事前審査の承認後も、融資実行までは新たな借入れを避け、変更があれば金融機関へ確認する必要があります。
金銭的な損失が発生する場合もある
住宅ローン否認の時点によっては、相談者へ次の損失が発生する可能性があります。
- 土地の申込金
- 手付金
- 設計申込金
- 測量費
- 地盤調査費
- 契約解除に伴う費用
- 引越しや賃貸解約の予定変更
- 家具・家電のキャンセル
- 仕事や学校の予定変更
契約内容やローン条項によって扱いが異なるため、支払う前に書面を確認してください。
「ローンが駄目なら全部返金されます」という口頭説明だけで進めないことが重要です。
最も大きいのは心理的損失
否認による損失は、お金と時間だけではありません。
相談者は、
- 家族へ申し訳ない
- 自分に信用がない
- 子どもを失望させた
- もう住宅を持てない
- 周囲に知られたくない
と感じることがあります。
住宅相談に関わる人は、この心理的な負担まで考える必要があります。
ローンが通るか分からない段階で、完成後の生活を強く想像させる営業は、否認時の落差を大きくします。
期待を持たせることは営業として簡単です。
現実を伝え、実現できる順序を示すことが相談の役割です。
否認後に責任を押し付け合わない
住宅ローンが否認されると、
紹介会社は、
「審査は住宅会社へ任せています」
住宅会社は、
「金融機関の判断なので分かりません」
金融機関は、
「審査内容は回答できません」
と説明することがあります。
相談者だけが取り残されてはいけません。
紹介会社や住宅会社は少なくとも、
- 申込内容を整理する
- 既存借入れを再確認する
- 総額を見直す
- 次の申込みを急がない
- 必要な専門家へつなぐ
- 今後の選択肢を説明する
べきです。
融資を承認できなくても、否認後の支援はできます。
相談会社へ確認すべき10の質問
- 住宅会社を紹介する前に融資の見通しを確認しますか
- 表示した予算は借入可能額ですか、返済可能額ですか
- 事前審査前であることを明確に説明しますか
- 「必ず通る」と断定しませんか
- 土地・建物・諸費用を含む総額を確認しますか
- 事前審査否認後も支援しますか
- 否認の可能性がある場合、住宅会社へどう伝えますか
- 相談者の同意なく信用情報を共有しませんか
- 契約前にローン条項を確認しますか
- 説明が誤っていた場合、誰が対応しますか
この質問に対し、
「まずは夢を膨らませましょう」
という回答だけなら注意が必要です。
家づくりには夢が必要ですが、夢を守るためには現実的な資金確認が必要です。
結論
住宅ローンの承認・否認を決めるのは金融機関です。
しかし、融資の見通しを確認せず、
「家を建てられます」
「この予算で大丈夫です」
と期待させた責任は、相談会社や住宅会社にもあります。
相談者にも、借入れや延滞を正確に申告する責任があります。
誰か一人だけへ責任を押し付けて終わる問題ではありません。
金融機関は融資判断の責任を負います。
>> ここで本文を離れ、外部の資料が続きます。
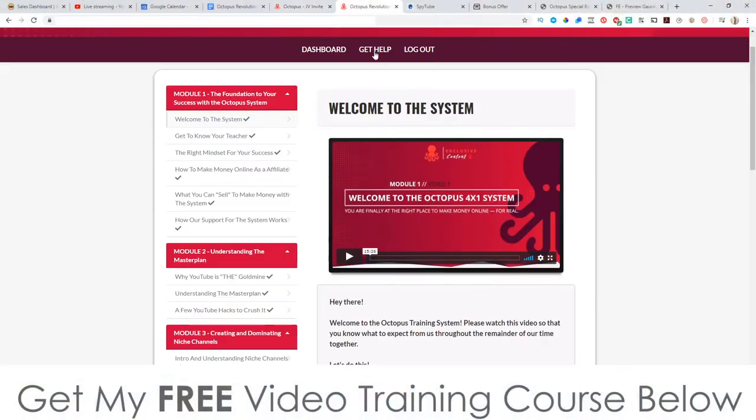Hey, what's going on everyone? It's Jono here from Jono-Armstall.com. Welcome to my Octopus Revolution review. I'm here inside of the members area of Octopus Revolution, and during this video I'm going to give you a full demo and a full run through of exactly what is inside of here. Now, in a nutshell, you're probably wondering what Octopus Revolution is. It's actually a product that's going to help you with YouTube.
相談会社と住宅会社は、期待を持たせる順序と説明の責任を負います。
住宅相談は、夢を見せるだけの場所ではありません。
家計、借入れ、信用、総額を先に確認し、実現できる範囲で夢を設計する場所です。
住宅ローンが通るか確認する前に、モデルハウスと間取りで期待だけを高める相談先ではなく、難しい可能性まで最初に正直に伝える相談先を選んでください。